Brazilian President Dilma Rousseff’s lead before the Oct. 5 election narrowed as her main opponent gained support, according to a Vox Populi poll published today.
Rousseff maintained her support at 40 percent, according to the survey commissioned by Carta Capital magazine. Senator Aecio Neves of the Brazilian Social Democracy Party tallied 21 percent, up from 16 percent in April. Rousseff would have enough support to avoid a run-off election on Oct. 26, the survey with a 2.1 percentage points margin of error showed. It interviewed 2,200 people between May 30 and June 1.

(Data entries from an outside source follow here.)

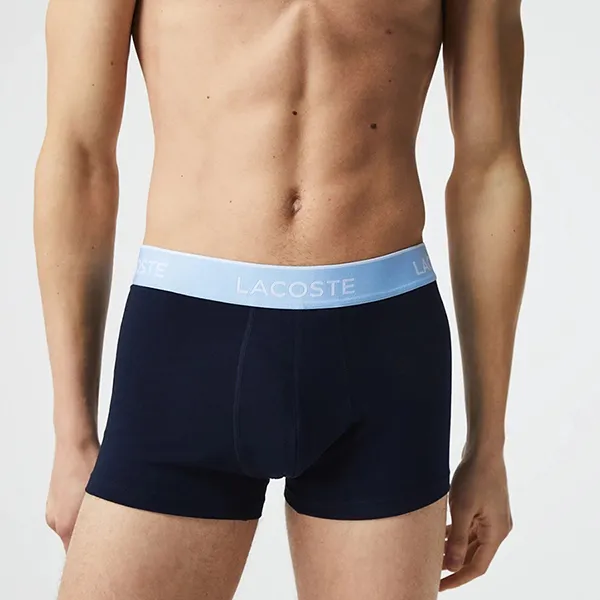 Set 3 Quần Lót Nam Lacoste Boxer 5H3401-51-LXM Màu Xanh Size S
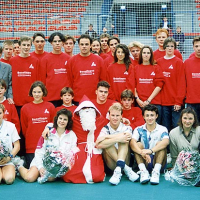 1993: Ballkinder der SVR-Jugend beim Benefizturnier in Bonn.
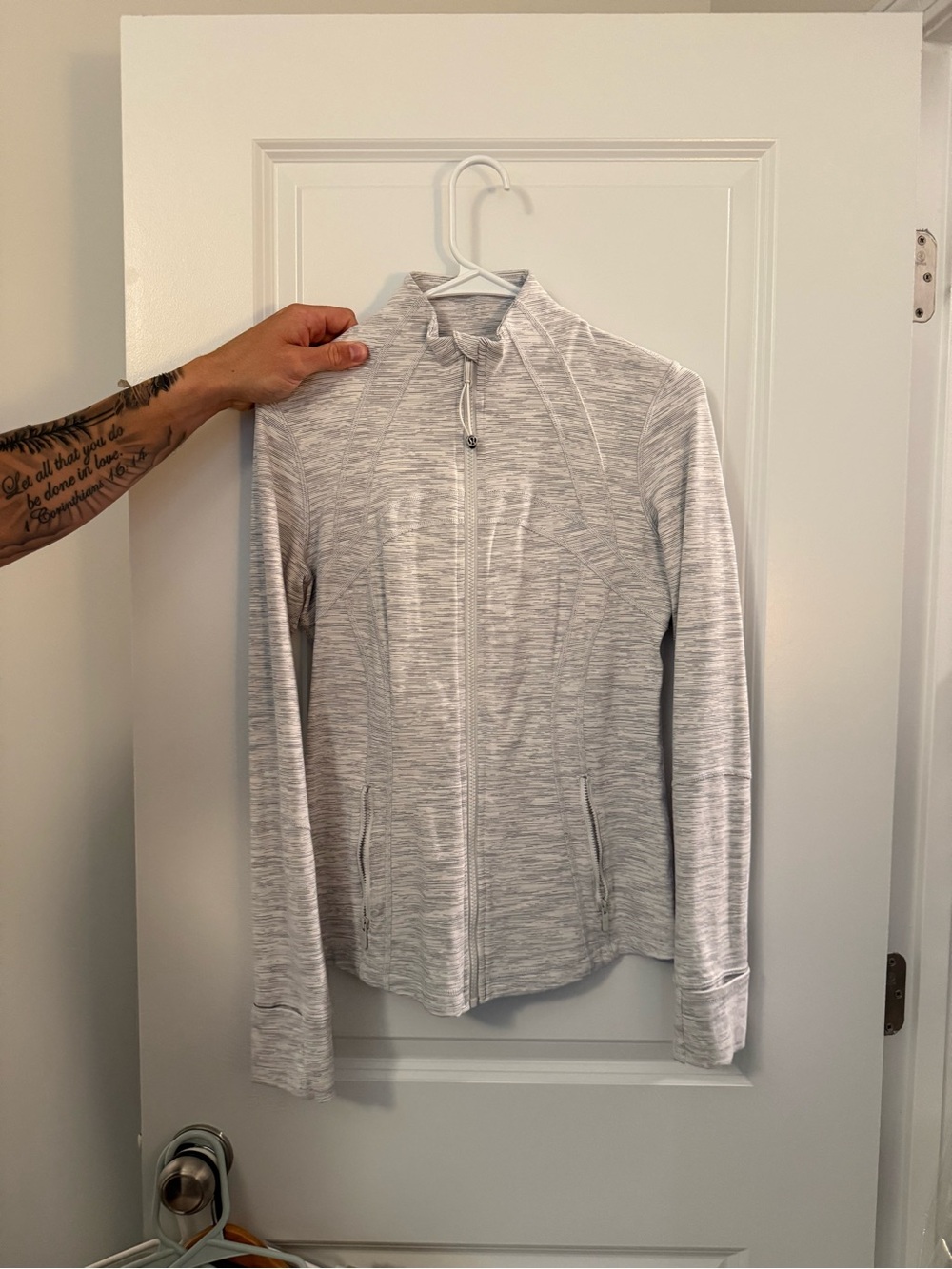 lululemon athletica Heathered Light Gray Align Jacket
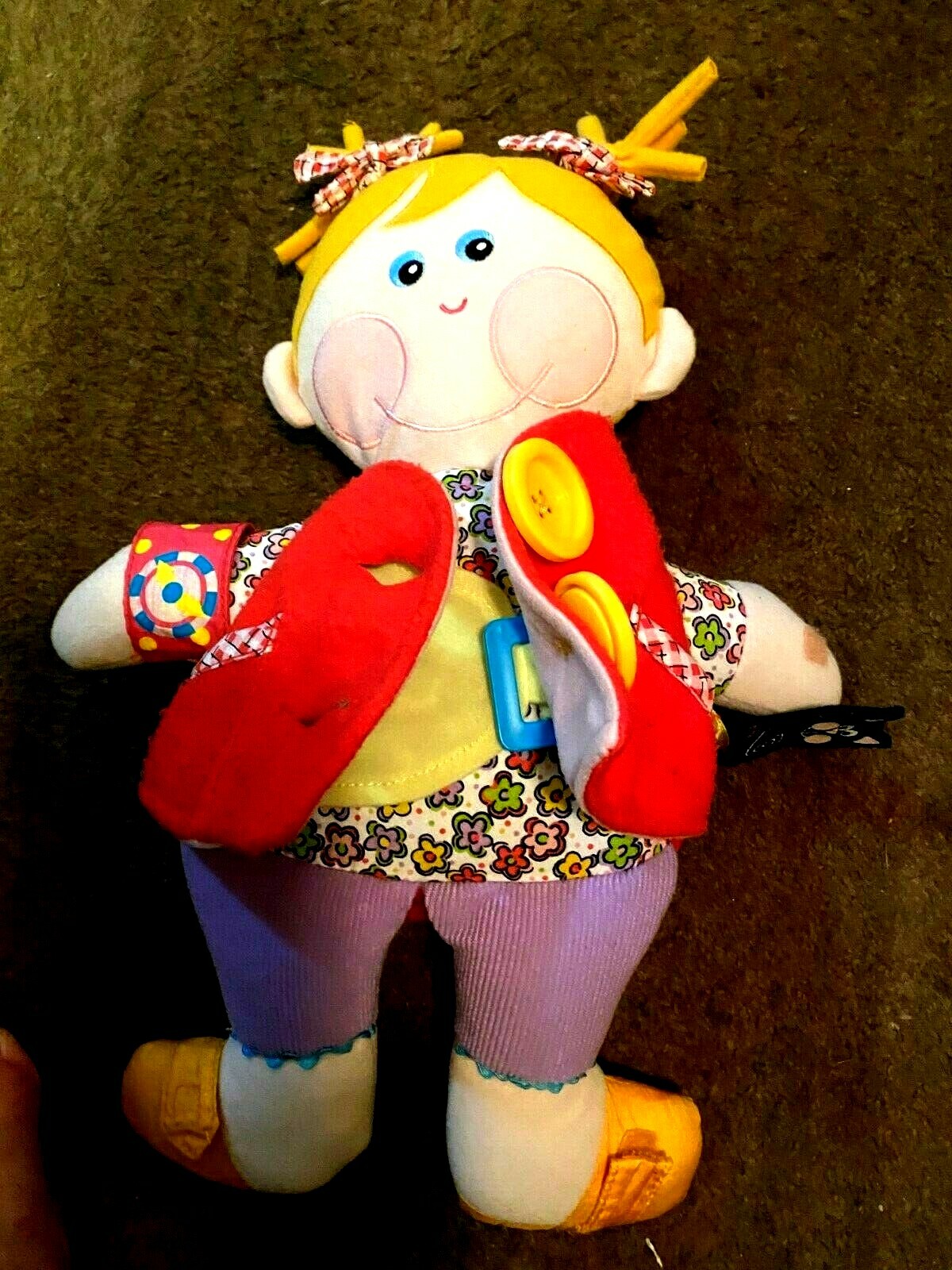 Dressy Bessy Learn to Dress Doll 15″ tall – 2001 – Hasbro/Playschool Vintage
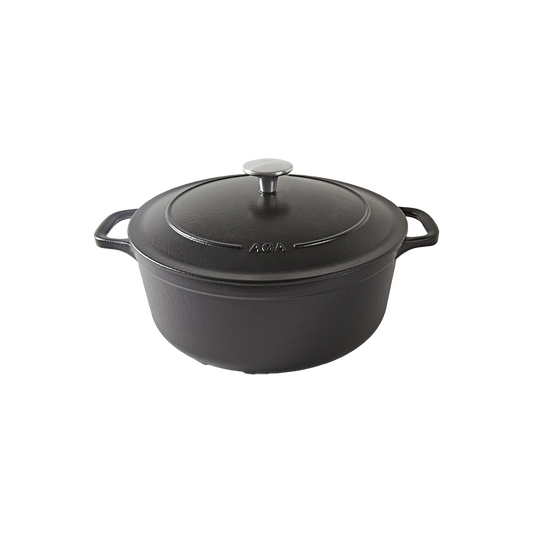 AGA Mat Zwart gietijzeren braadpan van 16 cm (w3950)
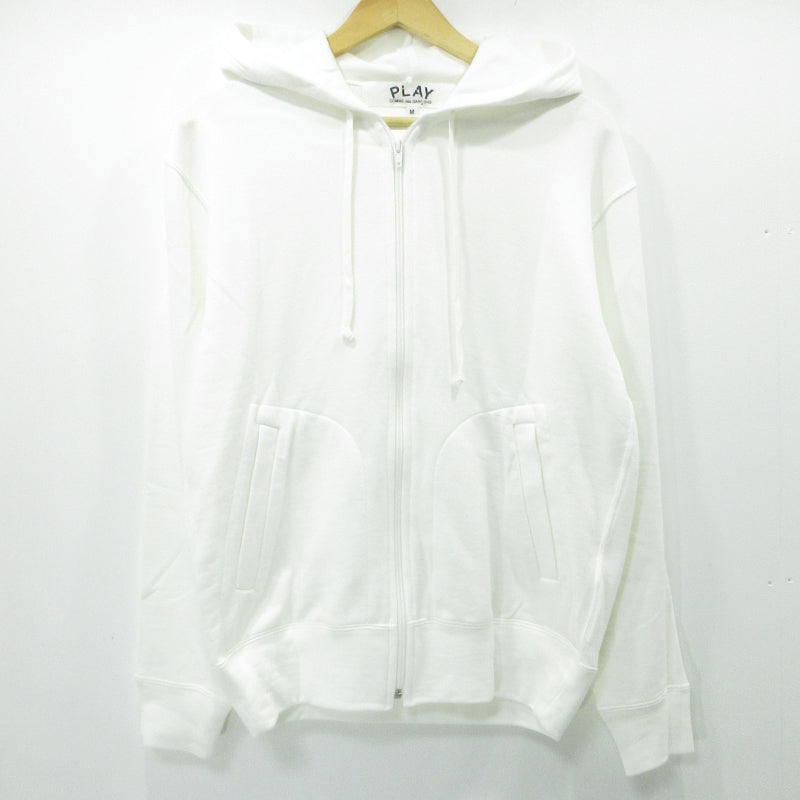 PLAY COMME des GARCONS | プレイコムデギャルソン Printed Zip-Up Hoodie パーカー AX-T343 ホワイト サイズ：M【三重本店】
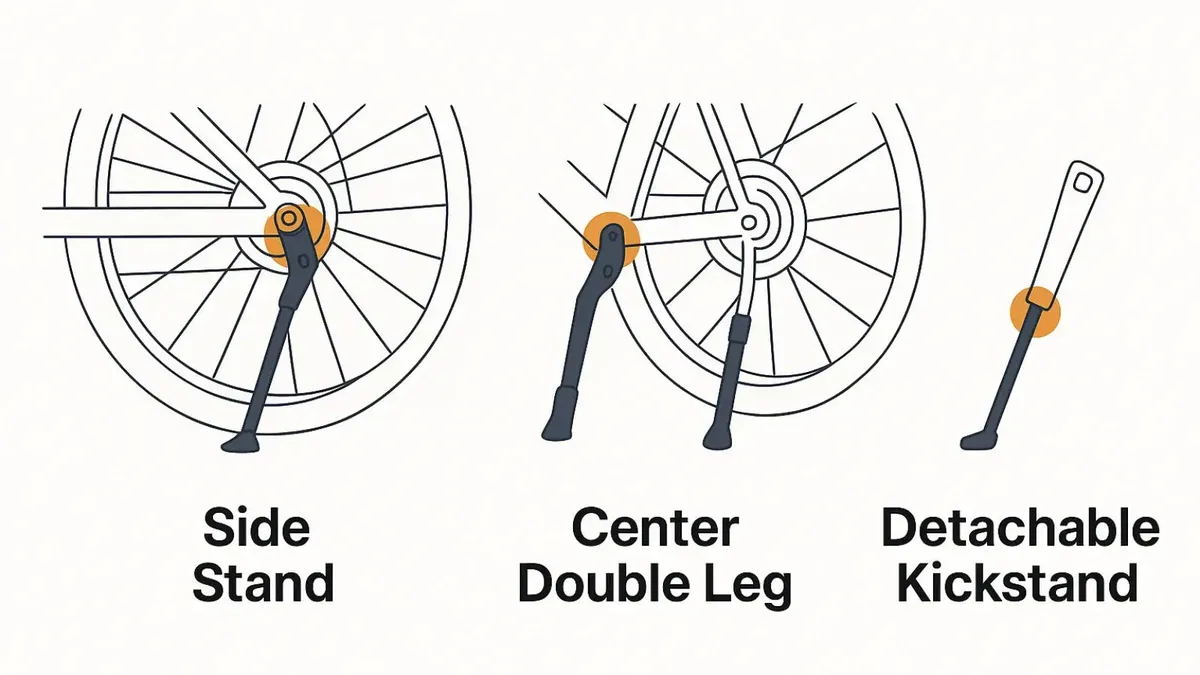 clamp-on kickstand
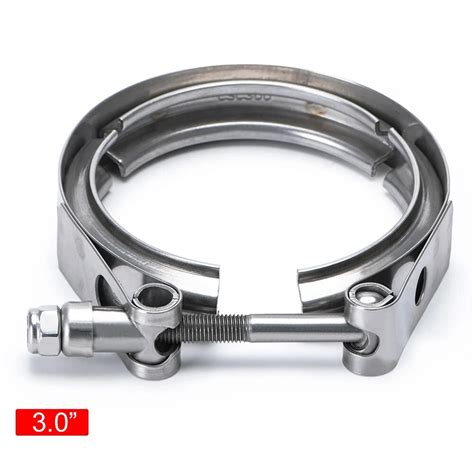 QIVBE 3 Stainless Steel 304 Normal V Band Clamp Turbo Exhaust Clamp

The poll follows a separate survey by polling firm Ibope published yesterday that showed more respondents thought Rousseff was doing a bad job than a good one. Rousseff’s government was rated good or great by 31 percent. That survey prompted Nomura Holdings Inc. to forecast today a 60 percent chance that Rousseff will lose her re-election bid.
“We still expect further damage to her standing given deterioration in the economy and rising inflation,” Nomura said in the report, which was signed by Tony Volpon and George Lei. “A strong commitment to changes in economic policies would improve her re-election probabilities. Yet, so far, there has been no indication that such changes are under consideration.”
The Ibope survey showed Rousseff’s re-election support at 38 percent, down from 40 percent in a previous poll released on May 22. Voting intentions below 40 percent make winning a second round very difficult, according to the Nomura report.
Support for Neves increased to 22 percent from 20 percent during the same period, while backing for former state governor Eduardo Campos rose to 13 percent from 11 percent. To win the Oct. 5 first round, a candidate must have more than 50 percent of the vote, or more votes than all other contenders combined. Rousseff’s personal approval rating fell to 44 percent from 47 percent, while the percentage of respondents who disapprove of her rose to 51 percent from 48 percent, the Ibope poll showed.
The survey was commissioned by UVESP, an association of Sao Paulo neighborhood councilmen, and published on the group’s website. It interviewed 2,002 people June 4-7 and had a margin of error of plus or minus two percentage points.
Annual inflation in May accelerated to 6.37 percent from 6.28 percent the month prior, marking the fastest pace since last June. Brazil’s central bank targets annual inflation at 4.5 percent, plus or minus two percentage points.
Brazil’s economy during the first three months of the year expanded by 0.2 percent, half the pace of the previous quarter as investments and family spending dropped.